Samotność jest chorobą XXI wieku, a w pewnych regionach świata przybiera ona rangę naprawdę dużego problemu. Wiedzą o tym doskonale mieszkańcy Korei Południowej. Jest to szczególnie zauważalne wśród seniorów, choć nie tylko. Okazuje się bowiem, że kraj ten musi walczyć z „samotnymi zgonami”.
Przeczytaj też: Te uczucia najbardziej nas unieszczęśliwiają. Wiążą się z miłością
Czy wiesz, że każdego roku w Seulu tysiące Koreańczyków umiera, a ich ciała znajdowane są czasami nawet kilka tygodni po smierci? Tylko w 2023 roku odnotowano 3661 samotnych zgonów. Władze stolicy Korei Południowej chcą walczyć z tą sytuacją, wprowadzając specjalną infolinię dla doradców ds. samotności, platformę internetową, która ma działać na podobnych zasadach, a także wizyty domowe dla samotnych. Na ten cel miasto chce przeznaczyć 327 milionów dolarów w ciągu 5 lat.
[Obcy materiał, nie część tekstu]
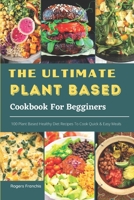 The Ultimate Plant Based Cookbook For Begginers:: 100 Plant Based Healthy Diet Recipes To Cook Quick & Easy Meals B09DMP87DZ Book Cover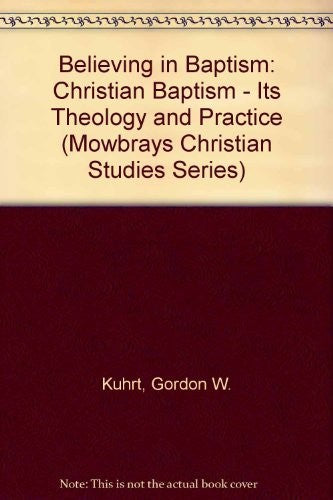 Believing in Baptism: Christian Baptism - Its Theology and Practice (Mowbrays Christian Studies Series)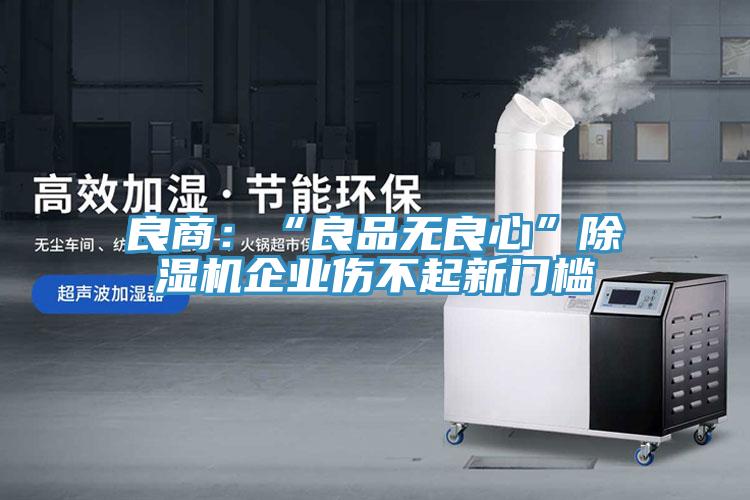 良商：“良品無良心”91看片软件大全企業傷不起新門檻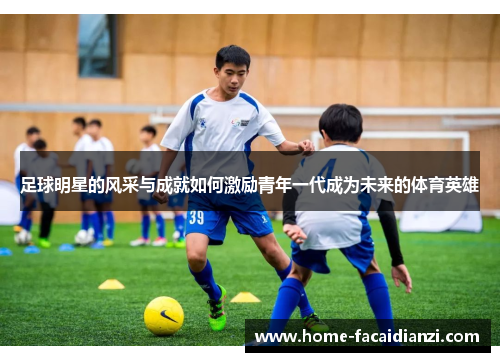 足球明星的风采与成就如何激励青年一代成为未来的体育英雄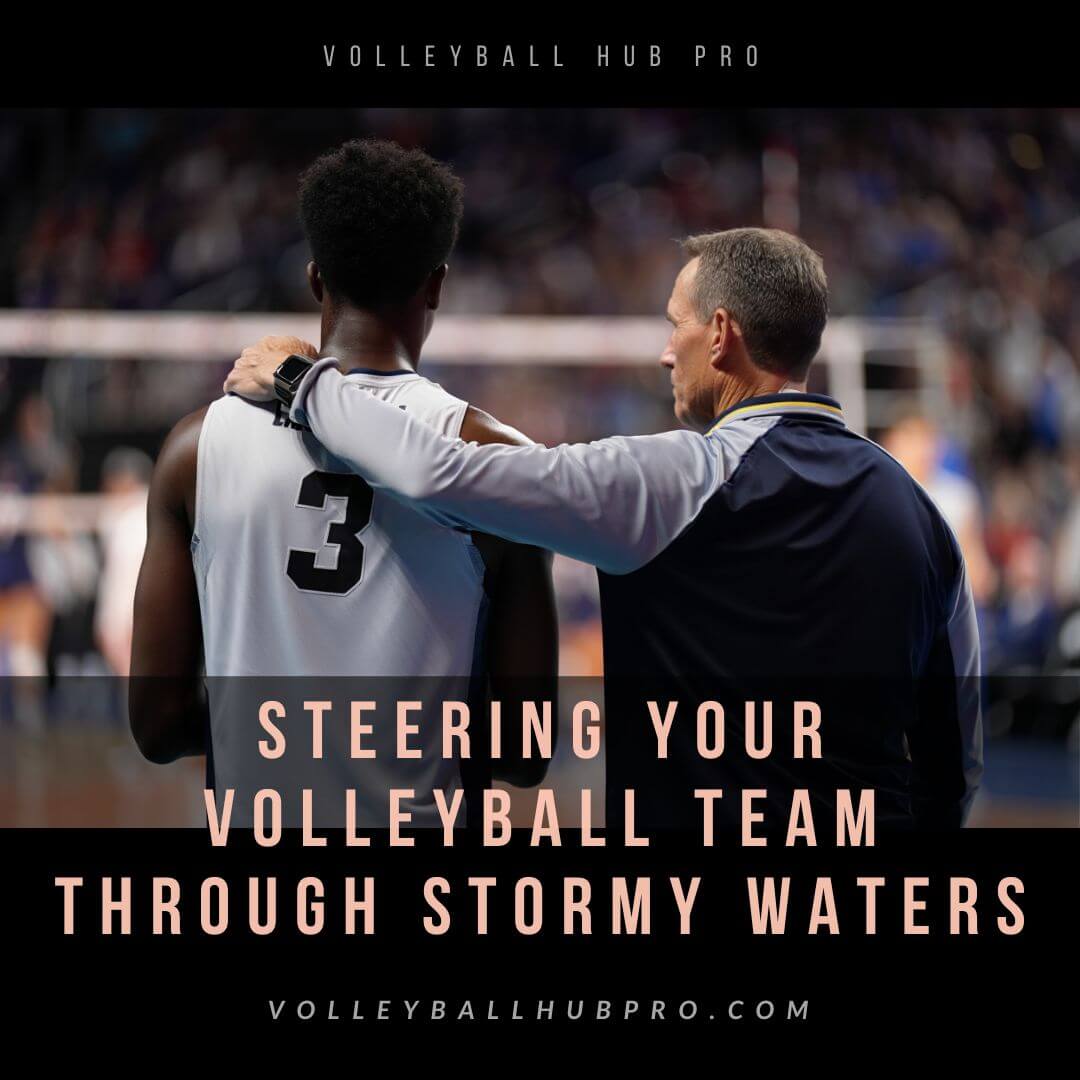 Steering Your Volleyball Team Through Stormy Waters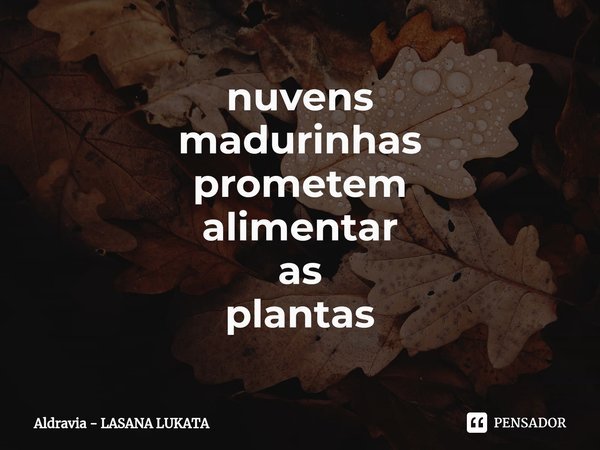 ⁠nuvens
madurinhas
prometem
alimentar
as
plantas... Frase de Aldravia - LASANA LUKATA.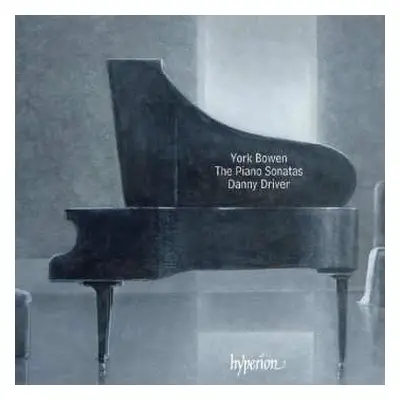 2CD York Bowen: The Piano Sonatas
Aby pomóc samotnym ludziom, poza usługami psychologicznymi, mają powstać również specjalne zielone tereny. Nie zabraknie też wyszukiwarki, dzięki której będzie można szybko zidentyfikować samotnych mieszkańców, którzy potrzebują wsparcia. Jednocześnie będą organizowane różnego rodzaju spotkania czy imprezy, gdzie tacy ludzie znajdą towarzystwo – np. kluby sportowe czy kluby książki.
Eksperci mają pochwalać te plany, ale sądzą, że to trochę mało, by rozwiązać problem samotności, która - w pewnym stopniu - wynika z koreańskiej kultury.